One is the 'button' which seals the orb after being broken off from the blowpipe. The second mark is known as a pie crust seal. Often floats have logos or characters embossed on them, to identify the maker; however, this one does not, which suggests it was made by a small producer rather than a large company.

The colour and the size of this float indicates its purpose and origin. Floats range in size from a small golf ball up to 1.3 metres in circumference. Large floats were used by deep sea commercial fisheries to support their long lines.

This industry was biggest in Japan, and so it is likely that this float was made there.
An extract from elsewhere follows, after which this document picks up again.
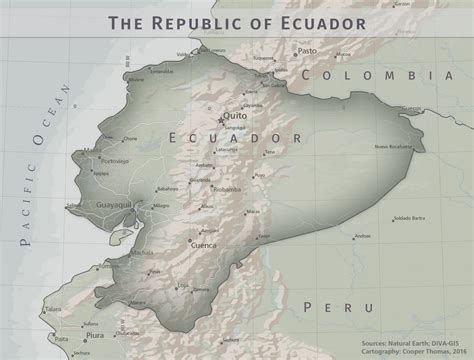 Ecuador reference map – Cooper Thomas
Experts note that the majority of handblown glass floats are of Japanese origin, due to the magnitude of their production.

The turquoise colour indicates that this float was made of recycled glass - in Japan, sake bottles were used. The specks of carbon also indicate that it was made from recycled glass. These impurities were common as they were made as cheaply and quickly as possible.

Millions of fishing floats were made in the early 20th century. The Japanese glass float industry began in 1910 but only lasted 30 years, before other materials became preferred, including plastic.

Breakaway glass floats are still out in the ocean, caught in currents that circulate the North Pacific.

After severe storms, floats escape the currents and wash up on beaches. Many have been found along the beaches of the West Coast of America, but also here in Aotearoa New Zealand. Beachcombers continue to look out for and treasure these industry escapees.

These days, glass fishing floats are largely collectors' items, and are often used for interior decorating, adding a nautical vibe to many baches or seafront properties.

Floats are still made today but as ornaments rather than as fishing equipment. Modern glass floats would not withstand hard use as their glass thickness is thinner than their predecessors. This fishing float was donated by the Thomas Family in 1985. It is unknown how they came to possess this rare, large, Japanese fishing float.